**Aim of the task:**
Within the lines below, the span from the line with "Immunohistochemistry was performed" to the line with "Explore mens filler", both ends included, is to be reproduced exactly, with pictures omitted.

**Listed entries:**
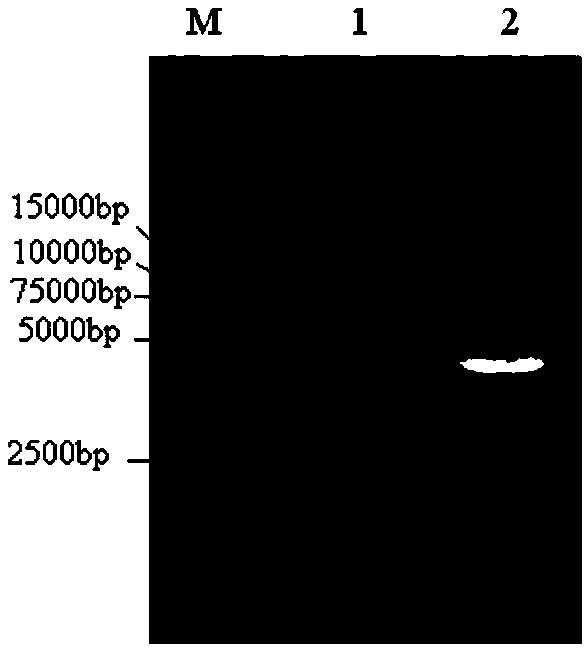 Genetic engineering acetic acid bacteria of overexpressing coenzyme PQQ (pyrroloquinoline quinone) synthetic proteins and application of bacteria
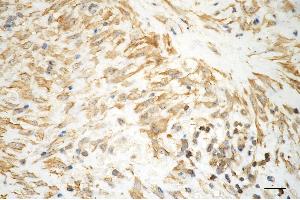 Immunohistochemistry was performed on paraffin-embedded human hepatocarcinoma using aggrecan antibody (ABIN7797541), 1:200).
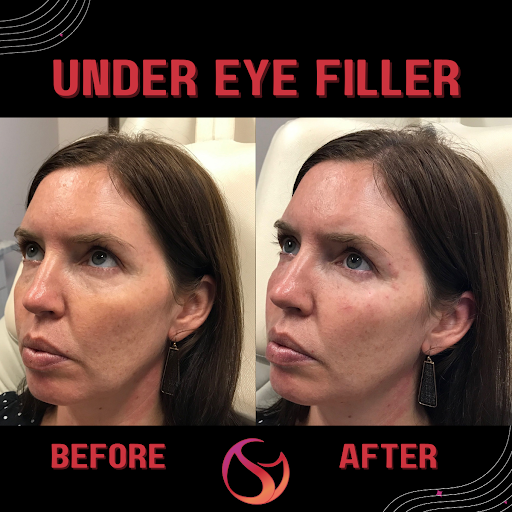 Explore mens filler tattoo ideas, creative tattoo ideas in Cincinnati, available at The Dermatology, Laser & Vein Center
...
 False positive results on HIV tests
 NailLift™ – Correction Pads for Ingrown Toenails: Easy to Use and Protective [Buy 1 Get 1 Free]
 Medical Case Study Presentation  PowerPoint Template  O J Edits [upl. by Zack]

**Task answer:**
 Immunohistochemistry was performed on paraffin-embedded human hepatocarcinoma using aggrecan antibody (ABIN7797541), 1:200).
 Explore mens filler tattoo ideas, creative tattoo ideas in Cincinnati, available at The Dermatology, Laser & Vein Center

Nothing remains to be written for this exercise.